I've planned on taking 30 minutes every day that's just for me. Which is something I've had posted in my calendar for some time. It shows up as "Dian Time" and when the reminder pops up, I've been promptly dismissing it and getting back to whatever I'm doing. So it's time to start honoring that schedule. And how do I do that?
For me, it's about making clear exactly what I plan to do in my 30 minutes of Dian Time. So on Monday it was "plant cactus," which meant that I spent 30 minutes planting cacti I bought over the weekend to replace several plants that Jackson decided were planted for him as midday snacks. It took me about 15 minutes, so I then allowed myself to sit in the sun in the back yard and just relax. What a notion.
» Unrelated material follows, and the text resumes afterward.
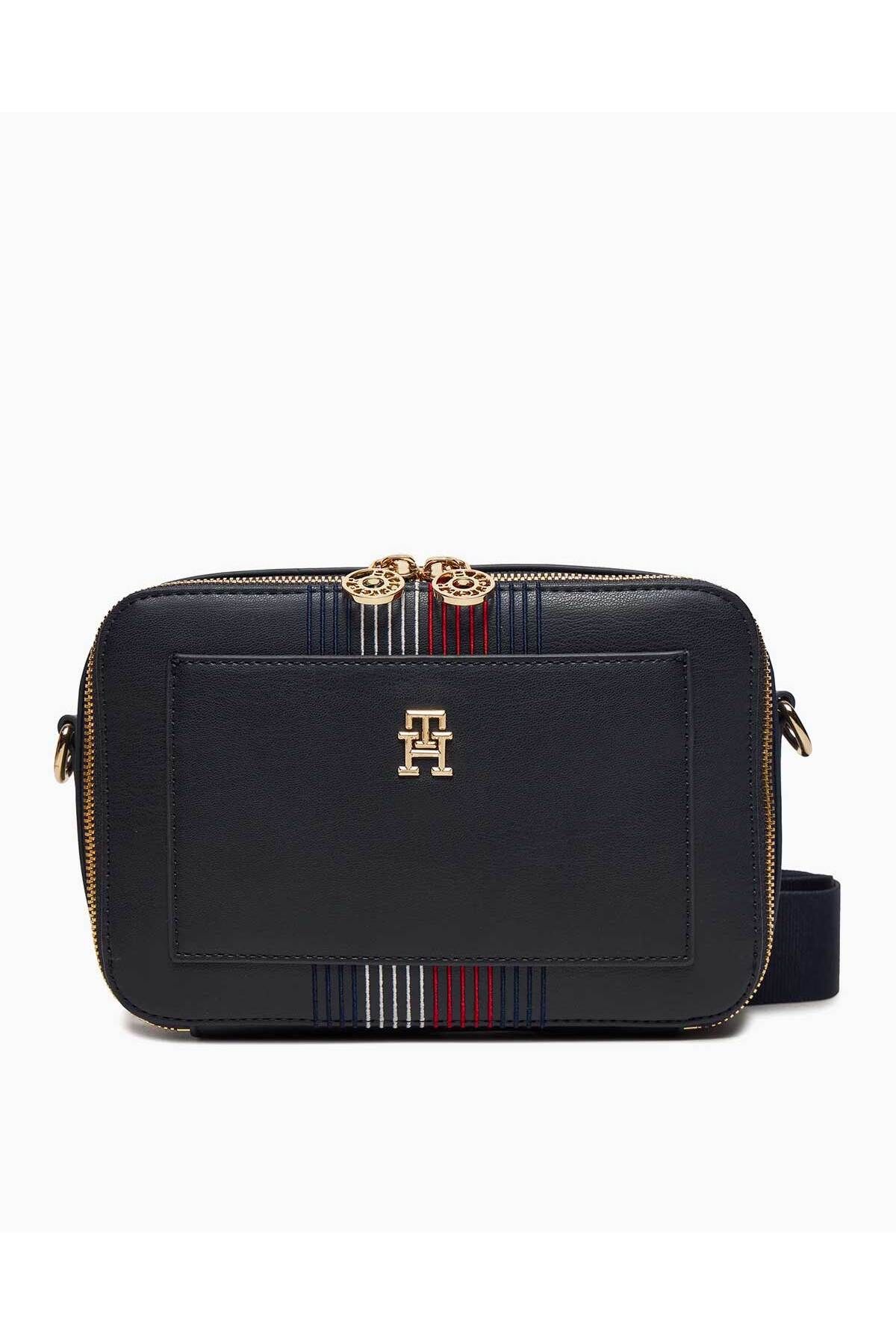 AW0AW16712 DW6 کیف بند قابل تنظیم با کیف لوگو AW0AW16712 DW6 زنانه ایران ریچ کیدز | Tommy Hilfiger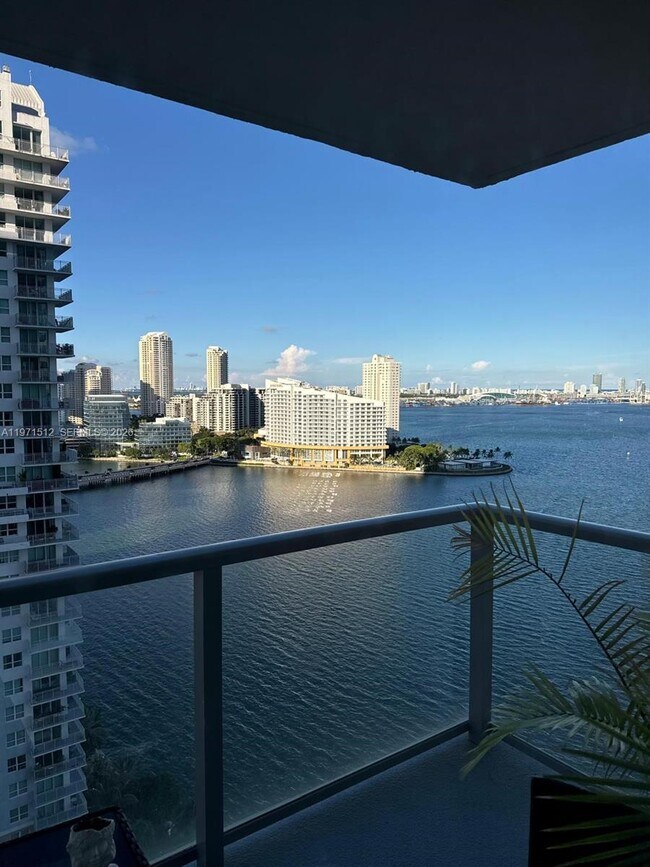 Building Photo - 1155 Brickell Bay Dr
Yesterday my Dian time was "meditation." Now I didn't meditate for 30 minutes, but I did meditate for 10 minutes. And then went outside and soaked up the sun again. And enjoyed my newly planted cacti (after putting up a fancy wire blockade around the edges so a certain puppy wouldn't have easy access).
And today my plan is to walk on the beach. I have a meeting in Manhattan Beach at noon and immediately thereafter, I will be putting my toes in the sand and breathing in the ocean air and letting the energy of the earth rise through my body from the warm sand and rejuvenate my soul.
I figure with all this life going on around me, the least I can do is to take a few minutes each day to really enjoy it and not get so caught up in living the good life that I miss it as it passes me by.